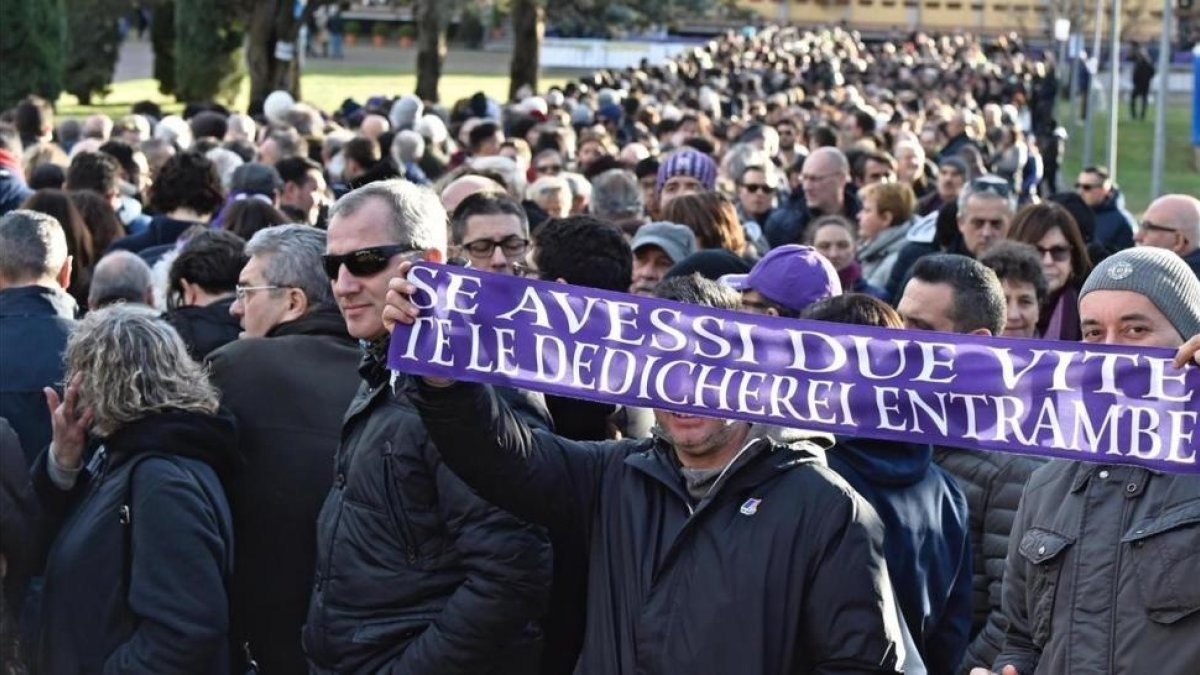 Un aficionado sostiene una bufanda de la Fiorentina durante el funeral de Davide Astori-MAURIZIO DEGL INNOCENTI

^^^^^^^^

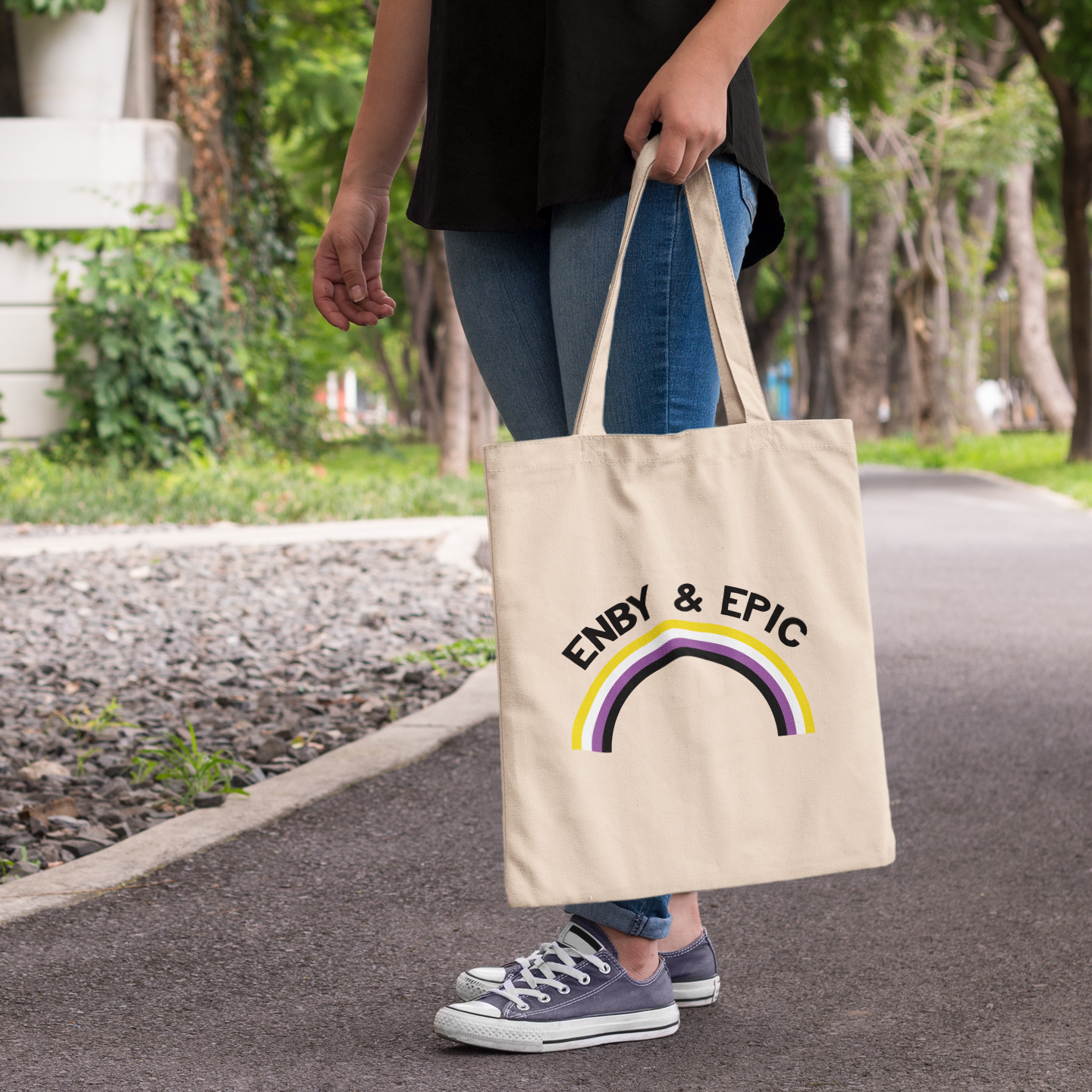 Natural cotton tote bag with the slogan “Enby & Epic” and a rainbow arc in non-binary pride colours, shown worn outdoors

^^^^^^^^

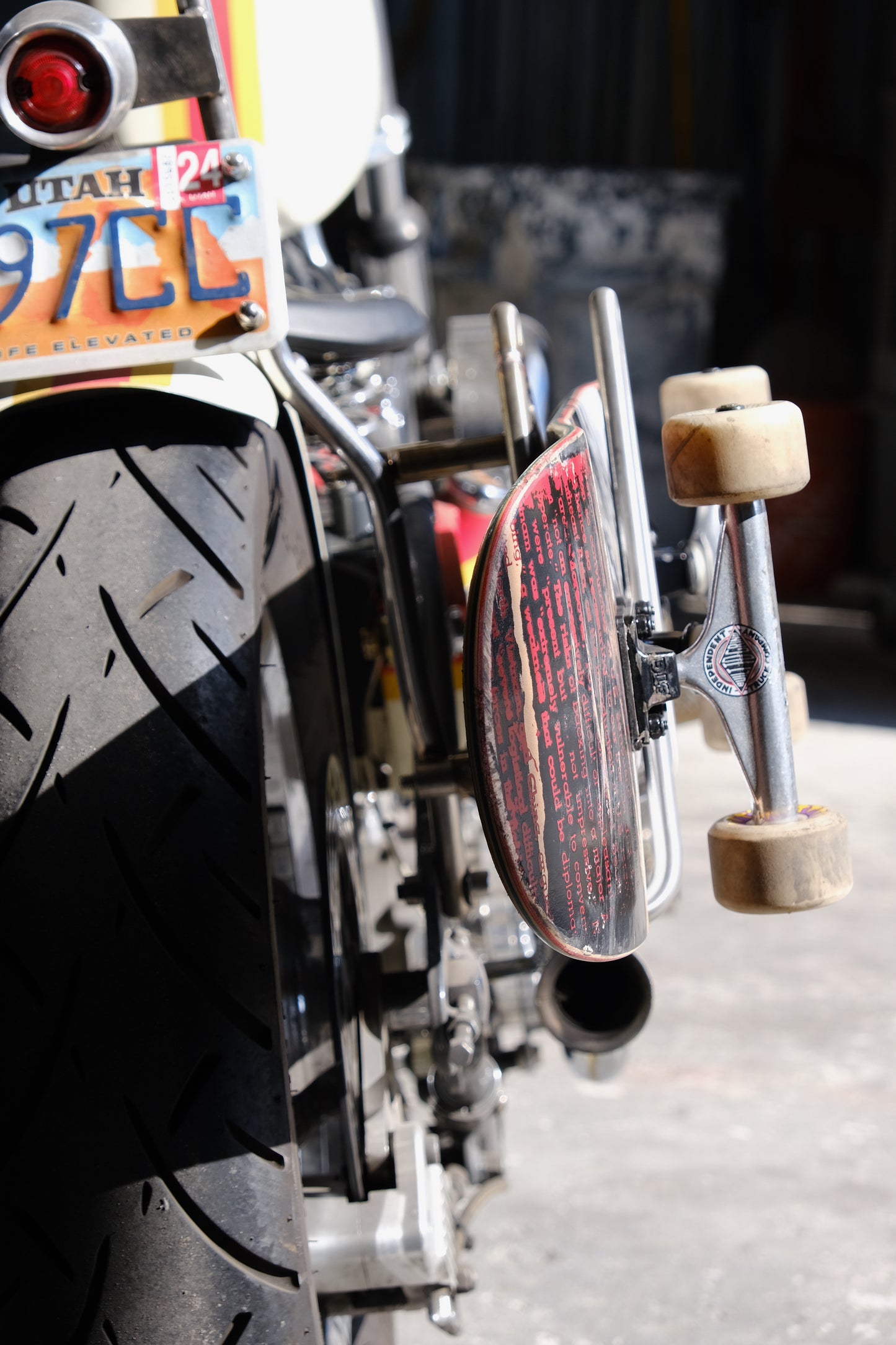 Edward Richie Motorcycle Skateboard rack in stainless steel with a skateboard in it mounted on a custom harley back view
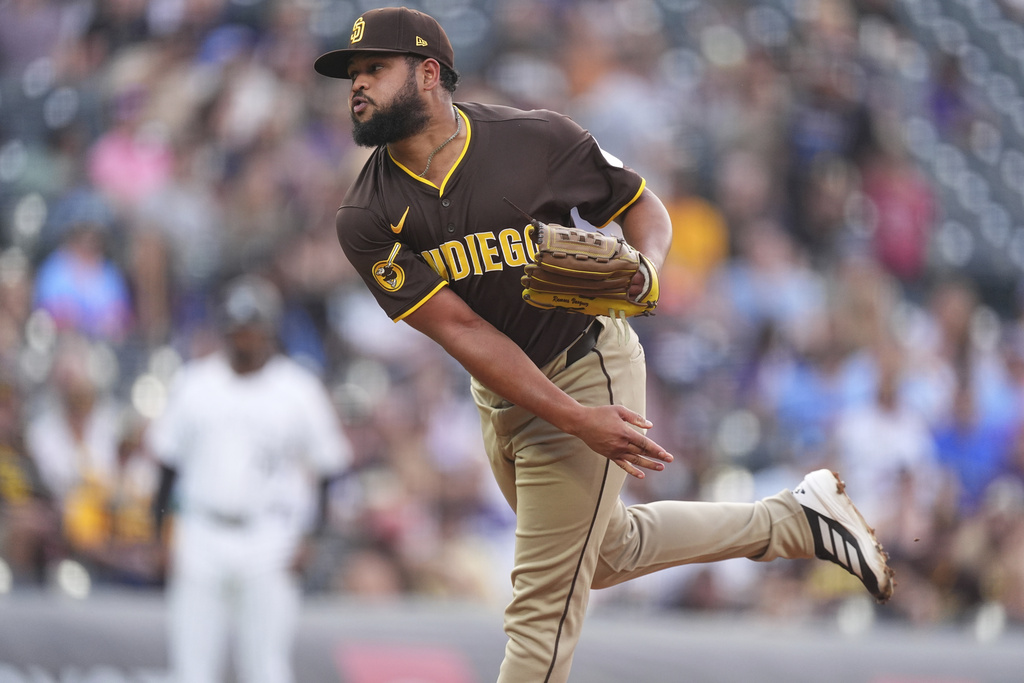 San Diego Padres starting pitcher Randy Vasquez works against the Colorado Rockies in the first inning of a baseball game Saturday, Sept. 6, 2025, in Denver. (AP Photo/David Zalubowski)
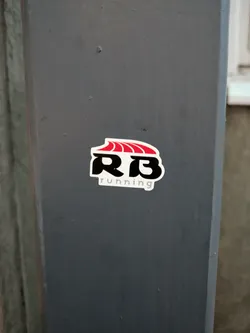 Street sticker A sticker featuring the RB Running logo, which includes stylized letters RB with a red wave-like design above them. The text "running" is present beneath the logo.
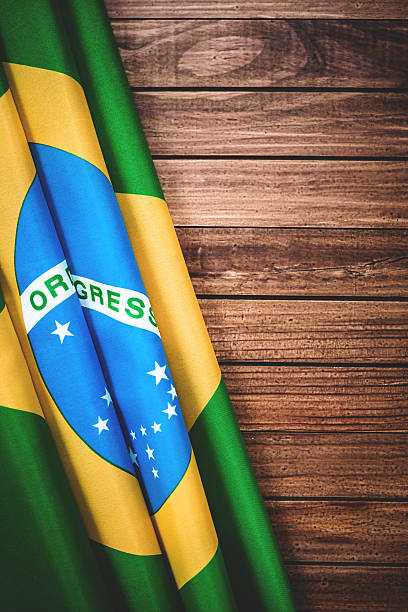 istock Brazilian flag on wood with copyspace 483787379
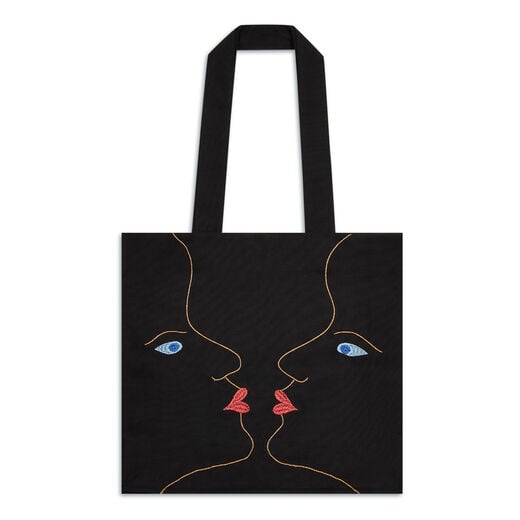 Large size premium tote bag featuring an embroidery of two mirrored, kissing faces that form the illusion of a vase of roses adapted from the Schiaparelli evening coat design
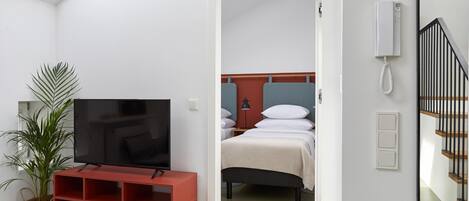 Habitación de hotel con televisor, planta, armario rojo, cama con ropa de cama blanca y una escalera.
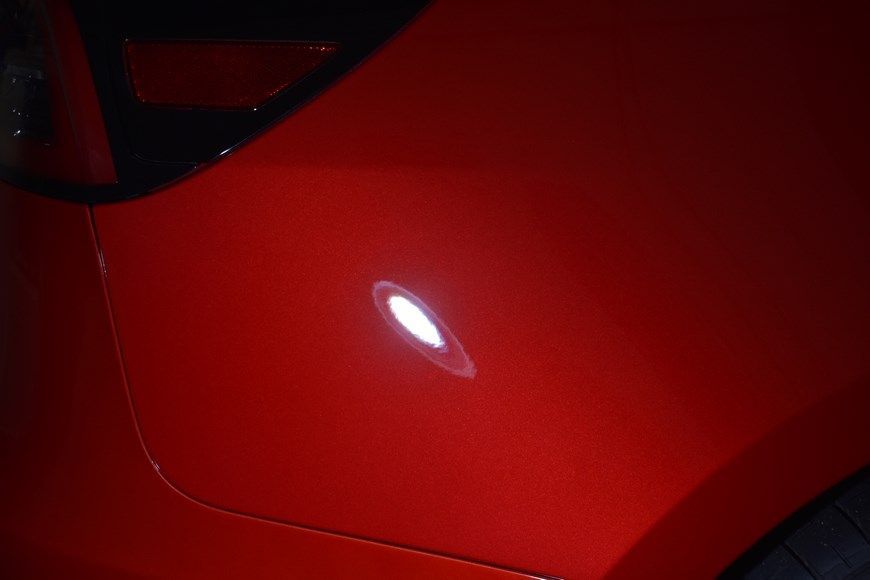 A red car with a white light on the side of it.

^^^^^^^^

What you need to do: Leaving out each picture, repeat exactly the lines above from the one that contains "istock Brazilian flag" through the one that contains "A red car with".

Exercise answer:
 istock Brazilian flag on wood with copyspace 483787379
 Large size premium tote bag featuring an embroidery of two mirrored, kissing faces that form the illusion of a vase of roses adapted from the Schiaparelli evening coat design
 Habitación de hotel con televisor, planta, armario rojo, cama con ropa de cama blanca y una escalera.
 A red car with a white light on the side of it.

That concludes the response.